Berlin (awp/afp) - Le gouvernement d'Olaf Scholz va injecter des milliards d'euros pour sauver l'un des géants allemands de l'énergie, Uniper, asphyxié par les coupures de gaz russe, et promet un bouclier tarifaire aux ménages frappés par la crise énergétique.

"Uniper est une entreprise d'une importance capitale pour le développement économique de notre pays et pour l'approvisionnement en énergie des citoyens", a justifié le chancelier allemand vendredi.

Principales mesures du plan de sauvetage : l'entrée de l'État au capital du groupe à hauteur de 30% et un prêt public pouvant atteindre 7,7 milliards d'euros.

Mais les contribuables vont également devoir mettre la main au portefeuille : Berlin va autoriser Uniper à répercuter les hausses du prix du gaz à ses clients, afin d'aider au renflouement de l'entreprise.

Les Allemands doivent donc s'attendre à voir s'envoler encore leur facture énergétique, a admis le chancelier. Il leur a assuré qu'ils ne seraient pas "laissés seuls" dans cette crise.

Interrompant ses vacances pour une allocution à la chancellerie, le dirigeant a promis que l'État dégainera prochainement un nouveau paquet de soutien aux ménages, encore non chiffré. Le gouvernement réformera également les aides au logement, a-t-il annoncé.

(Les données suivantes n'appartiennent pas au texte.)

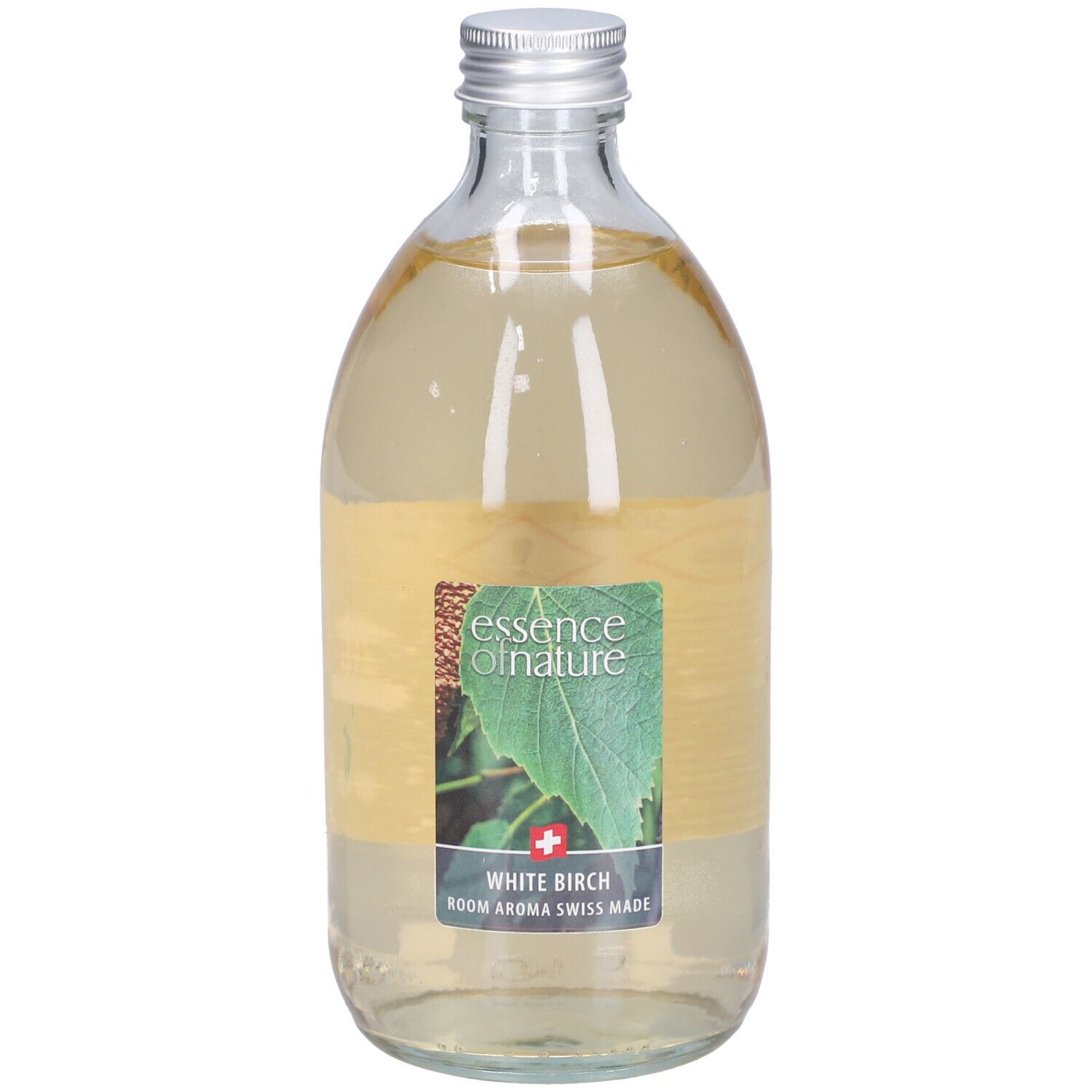 ESSENCE OF NATURE Refill White Birch 500 ml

L'Allemagne a déjà débloqué plus de 30 milliards d'euros pour soutenir les particuliers face aux répercussions de la guerre en Ukraine qui a déstabilisé le marché de l'énergie et accentué l'inflation.

Pertes en millions

Uniper, premier importateur et stockeur de gaz en Allemagne, est frappé de plein fouet par la baisse depuis mi-juin des livraisons de gaz russe.

Arguant de l'absence d'une turbine, le géant russe Gazprom a réduit de 60% ses livraisons via le gazoduc Nord Stream, indispensable pour l'approvisionnement de l'Allemagne.

Le groupe allemand doit désormais, pour honorer ses contrats, se procurer du gaz sur le marché au comptant où les prix ont explosé.

Résultat : Uniper, qui emploie près de 12.000 salariés dans le monde, perd des "dizaines de millions d'euros" chaque jour, selon son patron.

Des centaines de services publics municipaux et fournisseurs d'énergie allemands sont clients d'Uniper.

Lorsque les prix seront répercutés aux clients, à partir d'octobre, les charges supplémentaires pourront "s'élever à 200 ou 300 euros par an pour une famille de quatre personnes", a prévenu Olaf Scholz.

Mais l'État sera là, a-t-il assuré. "You'll Never Walk Alone" (tu ne marcheras jamais seul), a répété à plusieurs reprises le chancelier reprenant le titre de cet hymne cher à de nombreux fans de football.

Olaf Scholz s'était personnellement engagé à empêcher une faillite d'Uniper qui menacerait, par effet domino, de disloquer le marché énergétique et d'entraîner des pénuries.

Budget compromis

M. Scholz et son gouvernement agitent depuis plusieurs semaines le spectre d'un "Lehman Brothers" de l'énergie, en référence à la banque américaine du même nom dont la faillite avait précipité la grande crise financière de 2008 aux États-Unis et dans le monde.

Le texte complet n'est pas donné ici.